Corporations, bureaucracy, status quo — even the things that have to-date guaranteed success — that’s the hairball. Becoming intimately involved with the systems in place can have you tunneling deep into the hairballs. If you become entwined with the ways of today, you lose your perspective to think differently about the ways of tomorrow.

Where once you may have been the creator shaping the policies and culture and market success, you hit the tipping point where the structure you built around yourself becomes an innovation prison. Your mental wiring becomes structured to easily forecast the challenges and reasons Why Not when presented with any deviant ideas.

To disrupt, you have to stay out of the gravity control of that hairball. You can’t examine, obey, or uphold too closely. Keep your gaze a little distant, intentionally stand apart from the masses. Be very aware of your maintained and careful ignorance.

To stick with cars, we all know if Ford didn’t practice a little intentional orbiting we would all still be riding faster horses. Or, name any gig economy company, and tell me if the founders were embroiled in the existing corporate hairballs — fleet management or hotel chains — we would have democratized car services and rental accommodations.

Christian Sandstrom describes in the MIT Technology Review how the original, undiluted premise of the Innovator’s Dilemma works:

how the original, undiluted premise of the Innovator’s Dilemma works:…the demand to serve current, profitable customers in the short-to-medium term seemed to captivate companies. The needs of these customers made it seem irrational to invest in other initiatives, and so, he contended, these firms ended up brittle and vulnerable to being blindsided. He argued that companies were being misled by the very same practices — such as listening to their customers, or designing next-generation products for existing users — that had made them successful in the first place. Firms performed well by adhering to the needs of key actors in the environment, but over time, the environment started to impose a great indirect control over firms, eventually putting them in deep trouble. The theory was beautifully counterintuitive.

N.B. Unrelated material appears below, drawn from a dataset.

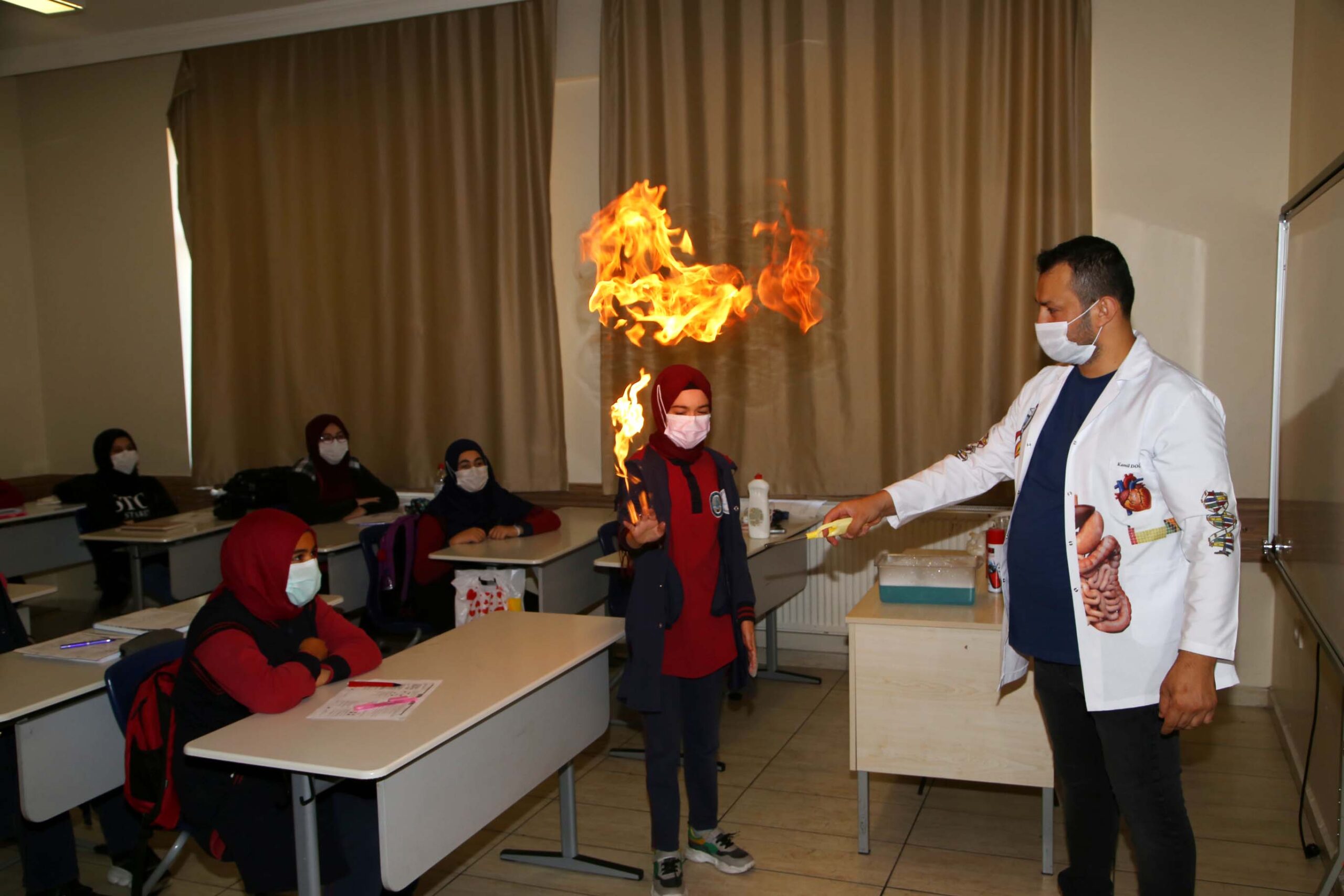 İlk derse deneyle başladılar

https://www.technologyreview.com/2020/01/29/276036/the-man-who-changed-how-we-think-about-disruptionand-got-disrupted-himself/

So, yes, two things can be true. To innovate, you need to both care enough to understand, AND be cautious of getting embroiled. In my friend Greg Larkin’s lexicon, innovation benefits from being both punk and pinstripe. The trick is being self-aware enough to know when you might have become the Icarus of the hairball. As a colleague of mine puts it, after some time in an intrapreneurial role, you start to get pickled. You are brining, losing your crispness. Going native is how we often referred to it when I ran a startup and my very talented digital experts spent too long solving problems and building things for a single client. I could tell when they started making decisions based on challenges in the client environment, instead of challenging the environment influencing the client’s decisions. They empathized too much. They gave up a little. They lost their funky edge.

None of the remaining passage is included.